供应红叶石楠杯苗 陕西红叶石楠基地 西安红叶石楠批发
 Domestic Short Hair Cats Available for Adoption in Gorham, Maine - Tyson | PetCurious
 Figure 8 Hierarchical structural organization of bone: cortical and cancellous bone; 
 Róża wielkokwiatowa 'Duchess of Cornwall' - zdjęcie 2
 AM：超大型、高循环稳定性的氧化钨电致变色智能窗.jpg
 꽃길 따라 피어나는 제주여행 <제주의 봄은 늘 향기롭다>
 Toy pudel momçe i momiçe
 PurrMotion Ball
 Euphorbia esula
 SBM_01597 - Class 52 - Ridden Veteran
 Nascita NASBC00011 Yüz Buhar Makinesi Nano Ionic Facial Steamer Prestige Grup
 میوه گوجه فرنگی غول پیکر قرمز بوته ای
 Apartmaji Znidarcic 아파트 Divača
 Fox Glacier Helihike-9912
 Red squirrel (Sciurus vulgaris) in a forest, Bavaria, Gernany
__________________________________________________
■ YOUR ASSIGNMENT
Nothing should be dropped: transcribe all the material exactly.

■ EXPECTED ANSWER
供应红叶石楠杯苗 陕西红叶石楠基地 西安红叶石楠批发
 Domestic Short Hair Cats Available for Adoption in Gorham, Maine - Tyson | PetCurious
 Figure 8 Hierarchical structural organization of bone: cortical and cancellous bone; 
 Róża wielkokwiatowa 'Duchess of Cornwall' - zdjęcie 2
 AM：超大型、高循环稳定性的氧化钨电致变色智能窗.jpg
 꽃길 따라 피어나는 제주여행 <제주의 봄은 늘 향기롭다>
 Toy pudel momçe i momiçe
 PurrMotion Ball
 Euphorbia esula
 SBM_01597 - Class 52 - Ridden Veteran
 Nascita NASBC00011 Yüz Buhar Makinesi Nano Ionic Facial Steamer Prestige Grup
 میوه گوجه فرنگی غول پیکر قرمز بوته ای
 Apartmaji Znidarcic 아파트 Divača
 Fox Glacier Helihike-9912
 Red squirrel (Sciurus vulgaris) in a forest, Bavaria, Gernany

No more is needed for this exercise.